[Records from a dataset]

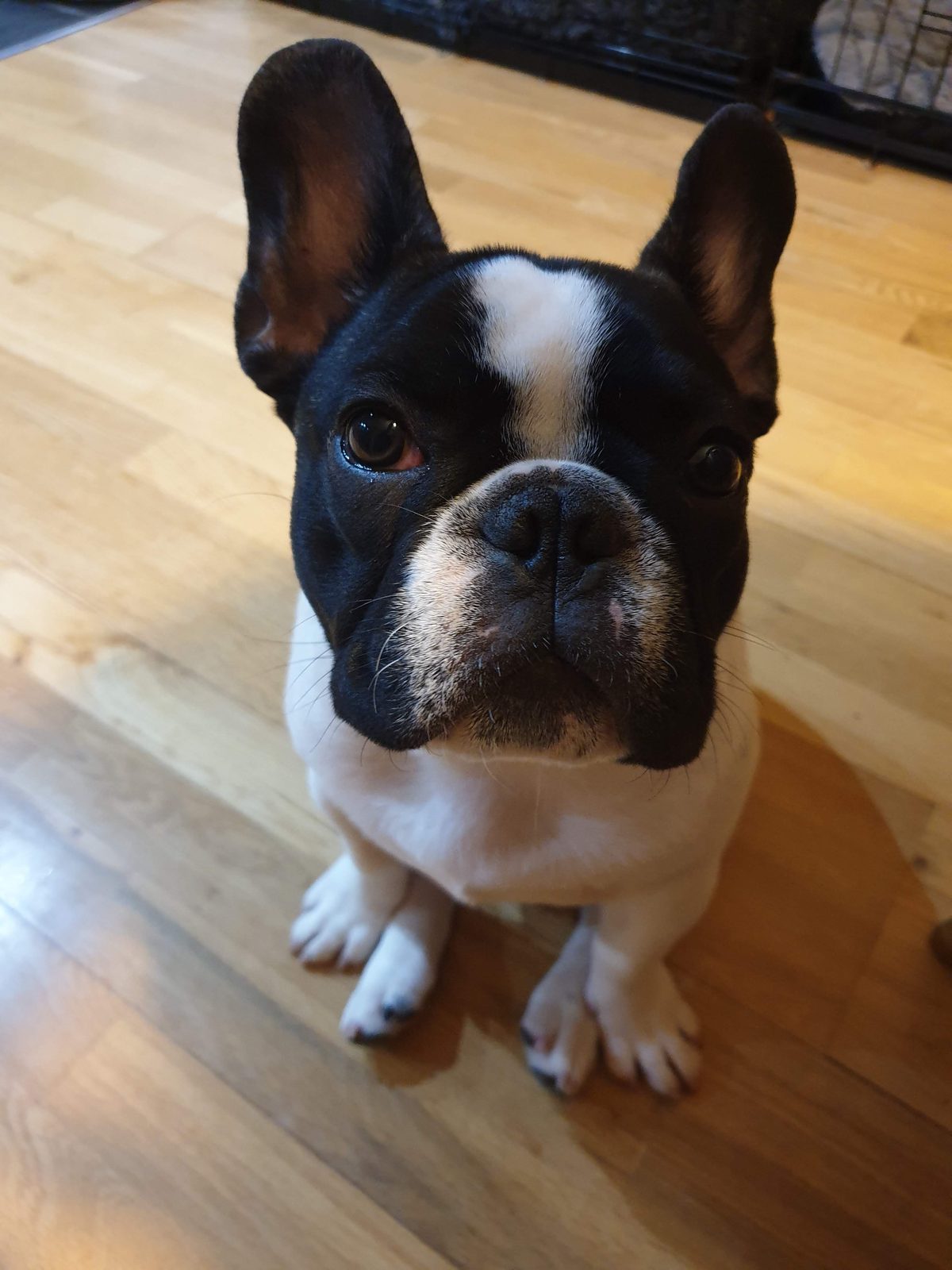 Hands gently cleaning a French Bulldog&rsquo;s face wrinkles with a wipe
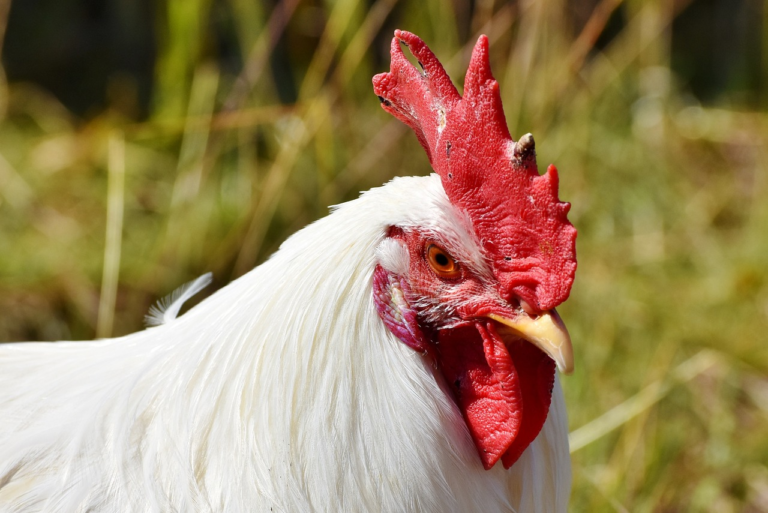 Brasil deve produzir 15,1 milhões de toneladas de carne de frango em 2025 – USDA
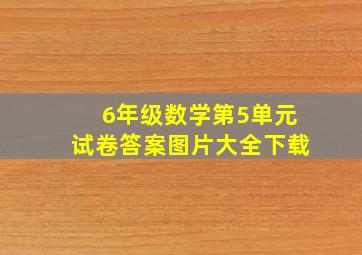 6年级数学第5单元试卷答案图片大全下载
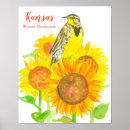 Search for kansas posters Sunflowers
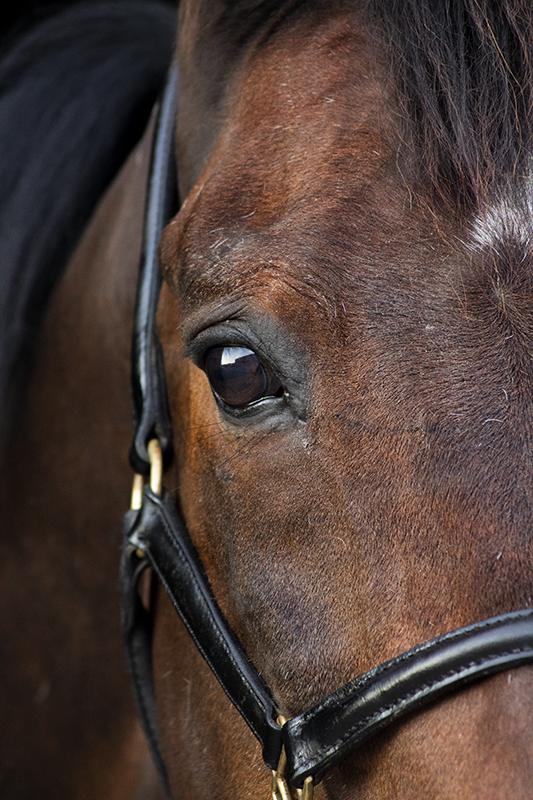 Paardenfotografie | Mirjam Jenkins
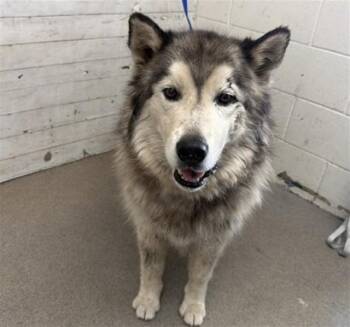 HUNTER -  Siberian Husky Dog for Adoption in San Bernardino, California - HUNTER | PetCurious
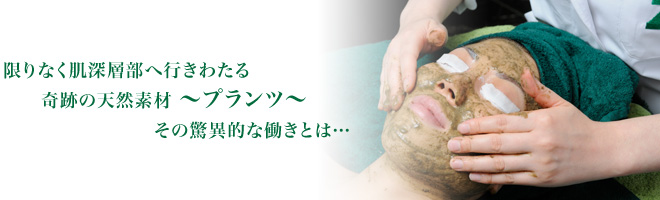 2Bバイオトリートメント｜東京・福岡・鹿児島でブラジリアンワックスや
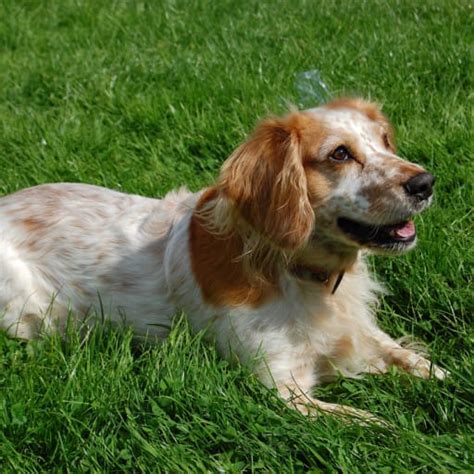 cocker spaniel breeders  virginia  puppies  sale puppyhero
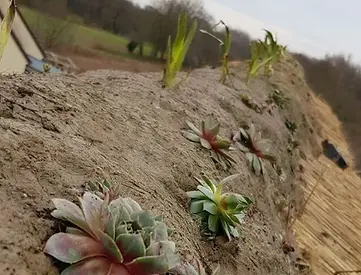 faitage vegetalise.webp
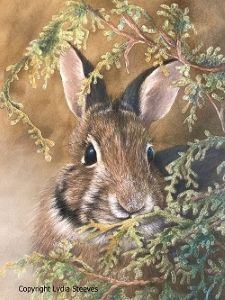 Cedric in The Cedars CP Online Class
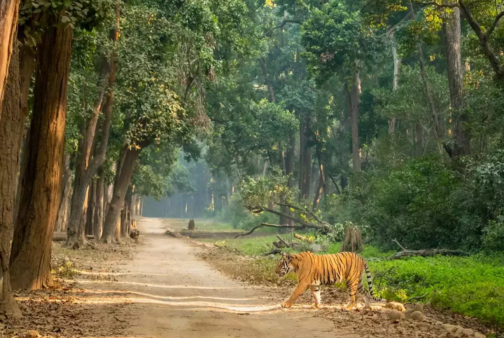 Corbett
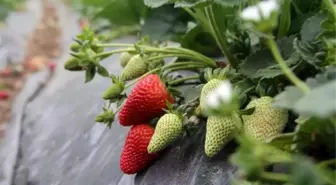 Isparta'da Sezonun İlk Çilek Hasadı Başladı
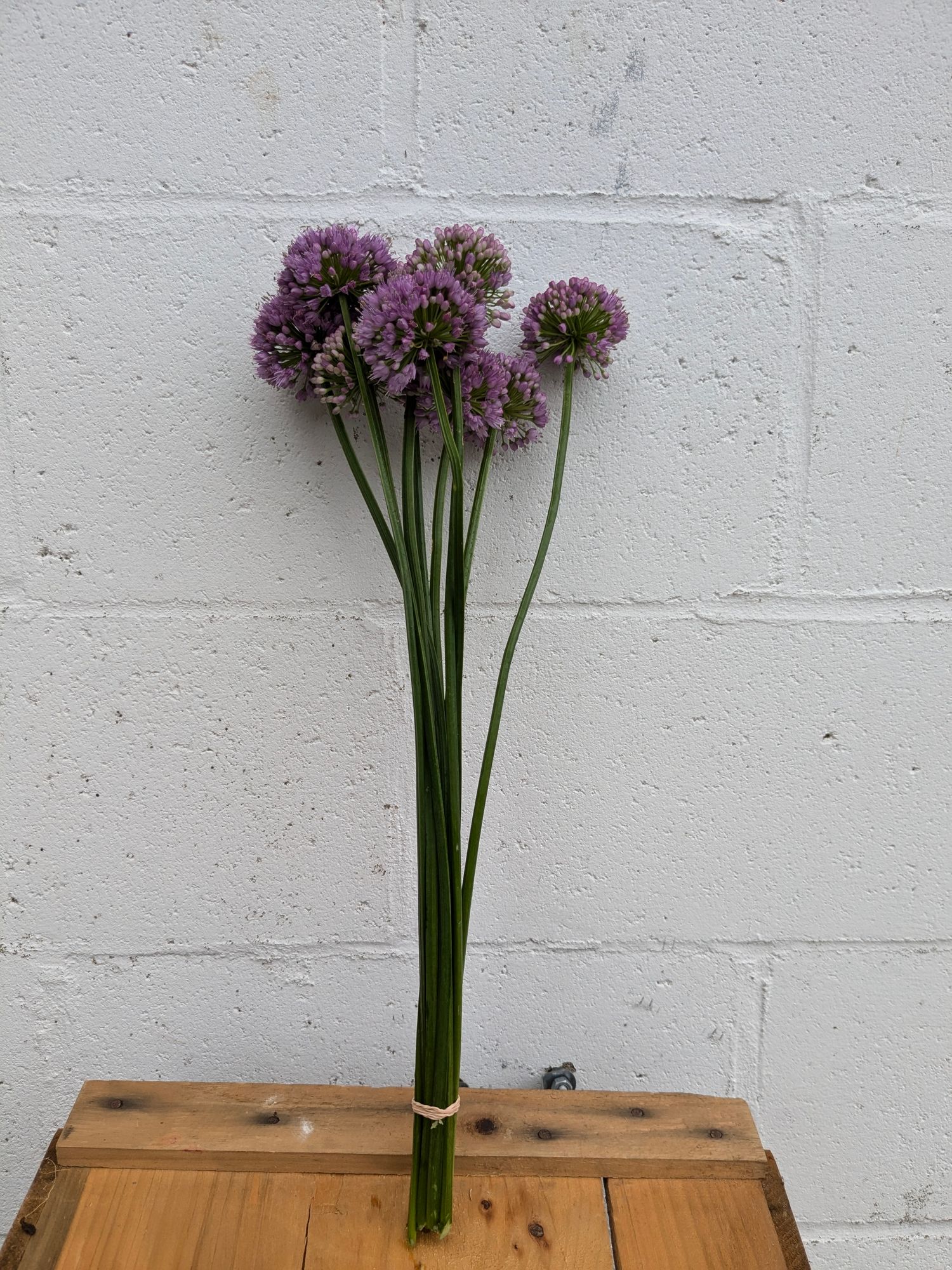 ALLIUM x Millenium
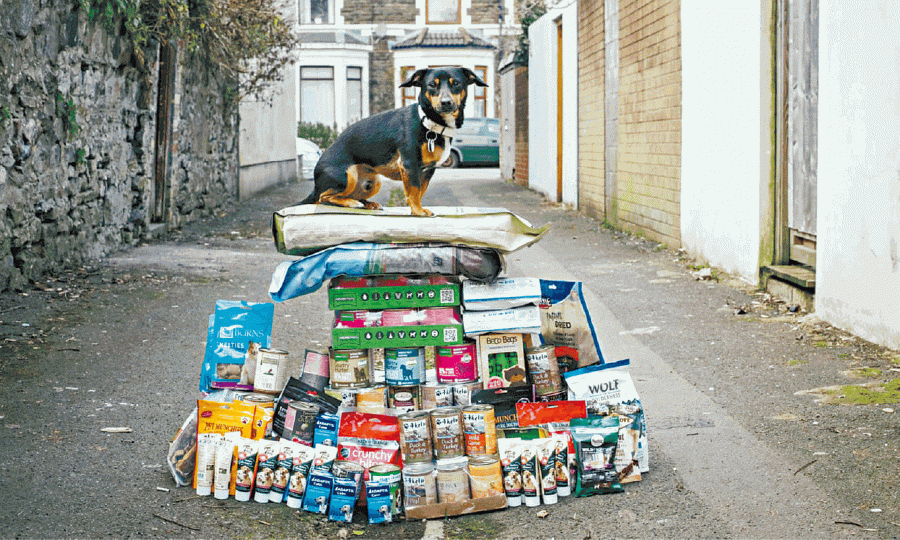 部份英國人已為脫歐做最壞打算,為愛犬(圖)儲糧。互聯網 部份英國人已為脫歐做最壞打算,為愛犬(圖)儲糧。互聯網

**Problem details**:
Which lines run from the one holding "cocker spaniel breeders" through the end of the records? Reproduce them word for word, both ends included, with no pictures.

**Your response**:
 cocker spaniel breeders  virginia  puppies  sale puppyhero
 faitage vegetalise.webp
 Cedric in The Cedars CP Online Class
 Corbett
 Isparta'da Sezonun İlk Çilek Hasadı Başladı
 ALLIUM x Millenium
 部份英國人已為脫歐做最壞打算,為愛犬(圖)儲糧。互聯網 部份英國人已為脫歐做最壞打算,為愛犬(圖)儲糧。互聯網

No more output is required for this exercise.